● Data excerpt
______________________________
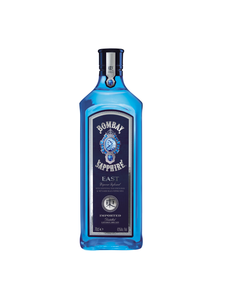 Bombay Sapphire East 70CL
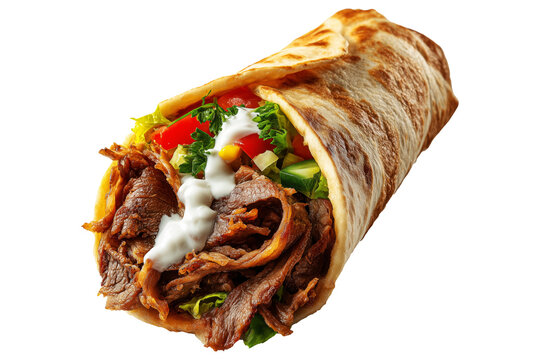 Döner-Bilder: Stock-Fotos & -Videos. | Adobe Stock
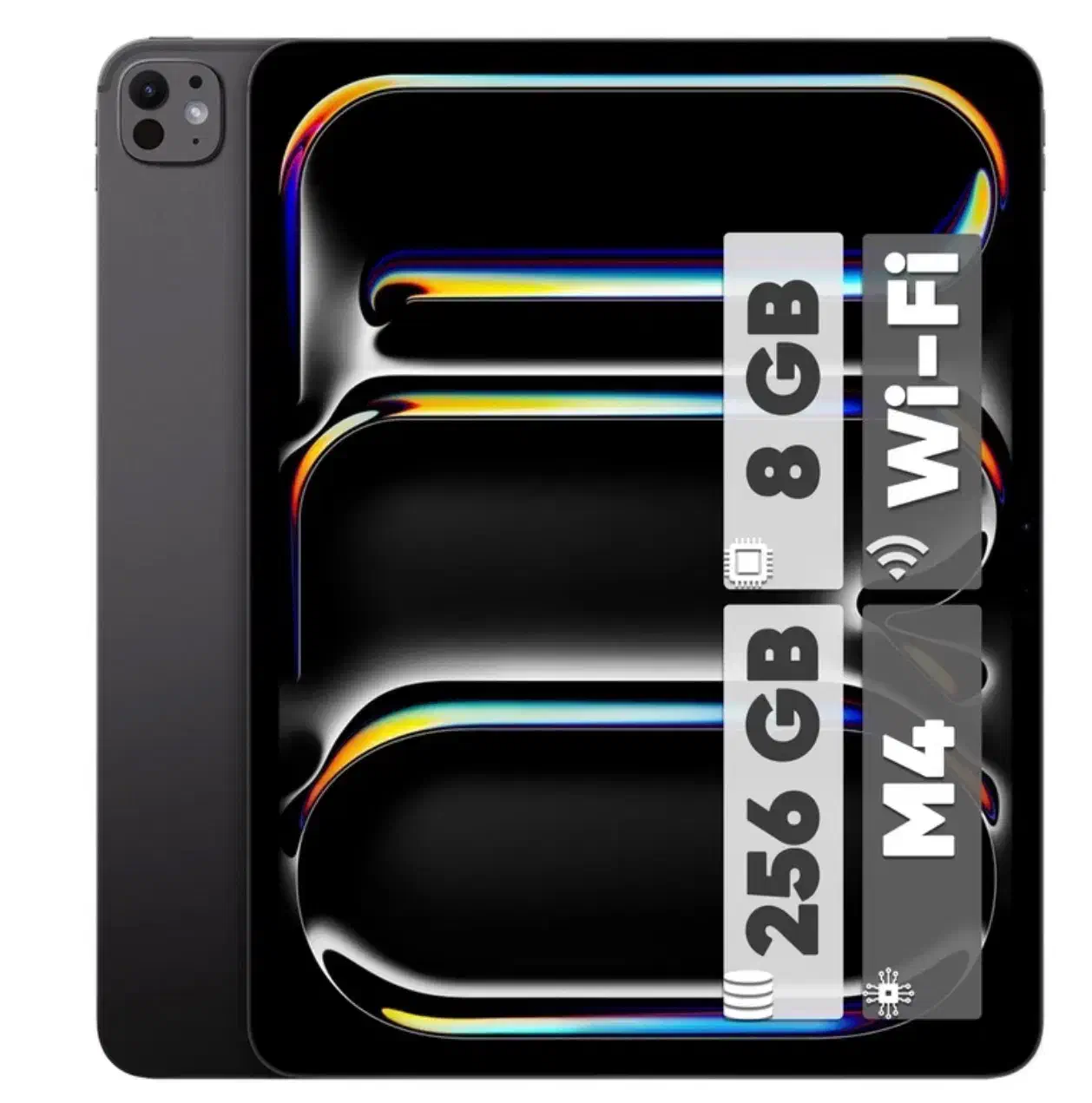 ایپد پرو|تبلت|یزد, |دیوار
______________________________
● Problem details
Print every line above once more, exactly. Omit the pictures.

● Solution to this exercise
 Bombay Sapphire East 70CL
 Döner-Bilder: Stock-Fotos & -Videos. | Adobe Stock
 ایپد پرو|تبلت|یزد, |دیوار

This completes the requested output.